= Koichi Tamano =

Japanese Butoh dancer

Koichi Tamano (玉野黄市) is one of the masters of the Japanese dance form Butoh. He performed individually or with his wife Hiroko Tamano and their performance group Harupin-Ha. He has also performed with other artists including Kitaro. They introduced the dance form to the west coast of America.

== Early life and career ==
Tamano was born in 1946 near the Ooi River in Shimada, Shizuoka, Japan.

In 1964, when he was 18, he began his 10-year apprenticeship under Hijikata Tatsumi at Asbestos-kan, where he earned the nickname "bow-legged Nijinsky". His first butoh performance was in 1965 in Tokyo in a work of Tatsumi Barairo Dansu (Rose-Colored Dance). In 1968, he performed in "Tatsumi Hijikata and the Japanese-Nikutai no Hanran". Both he and his wife, Hiroko Tamano, performed with Tatsumi.

In 1970, Tamano was a part of the Hangi Daitokan performance series, lasting for 3 years. He was involved in performances such as "Gibasa", "Buy Love", and "Susamedama".

He founded Harupin-Ha in 1972 and performed in Tokyo. Harupin-Ha is a reference to Manchuria and has the meaning "a studying station from Asia to Europe, a place of journey of mixed culture" or "starting place of a journey". Their first performance was titled "Nagasu Kujira" or "Finback whale". He acted as artistic director for Harupin-Ha, choreographing works such as Swamp (1979), Fetus of Nature (1988), Piece on Earth (1989), Wings of a Century - Life (1990), Wings of a Century - Death (1991), and MANDALOVE (1992).

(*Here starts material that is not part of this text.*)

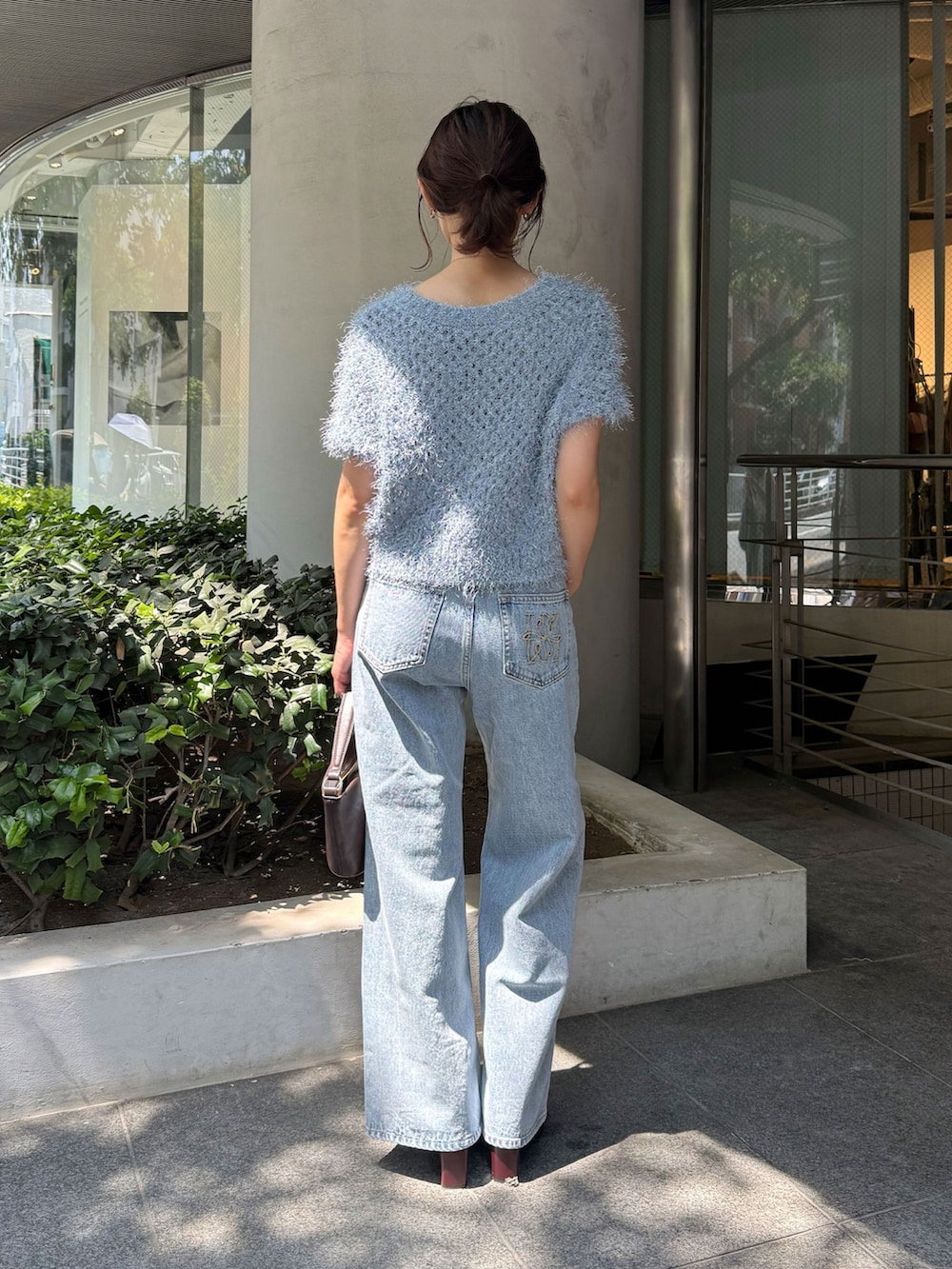 レッド系のブーツ、ブルー系のデニムパンツ、ブルー系のニット/セーターを着用したレディースの夏コーディネートの3枚目の写真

In the '70s, in addition to Hangi Daitokan and Harupin-Ha, Koichi performed in "Shiki no tame no Nijyuu Nana Ban" or "27 Nights for Four Seasons" and "Hosotan" or "Story of Smallpox". Both of these pieces would later be revived during the Tamano's time in San Francisco.

== Career in America ==
Tamano first visited United States in 1976 to perform at the "Japan Now" SFMOMA exhibition. With this visit, he also had the goal of seeking out his grandfather who had moved to the United States in 1907. In 1978, Koichi Tamano relocated to Berkeley, California with Hiroko Tamano, in search of a place to raise his child. In the beginning of 1986, Tatsumi Hijikata passed away. In the same year, Koichi Tamano obtained his green card in the United States.

In 1993, Koichi appeared as a guest performer in several state-side performances. Among them included "Goten, Sora o Tobu" with Kazuo Ono Buto and "UGETSU" with Akaji Maro and DaiRakuda Kan.

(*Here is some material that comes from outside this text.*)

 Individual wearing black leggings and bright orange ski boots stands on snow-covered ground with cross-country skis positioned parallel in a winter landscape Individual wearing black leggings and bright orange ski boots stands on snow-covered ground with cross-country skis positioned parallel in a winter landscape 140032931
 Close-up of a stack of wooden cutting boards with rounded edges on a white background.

Koichi and Hiroko Tamano were based in San Francisco where they ran a restaurant, first in Country Station in the Mission, then in Noe Valley. They taught Butoh in California and continued to perform around the world.

The Tamanos were honored with an Izzie Sustained Achievement Award in 2005.

== Artistic collaborations ==
After Tatsumi Hijikata's death in 1986, Tamano spent the next years in Japan, performing in memorial of Hijikata. These performances included an appearance at the 1986 "Hijikata Tatsumi Photo Exhibition", "Rashomon" in 1987 in Kyoto with Akaji Maro and DaiRakuda Kan, and "Romanov's Sea" in 1987 in Tokyo with Akiko Motofuji and M. Ishii.

In 2000, the couple performed in the world tour of Kitaro.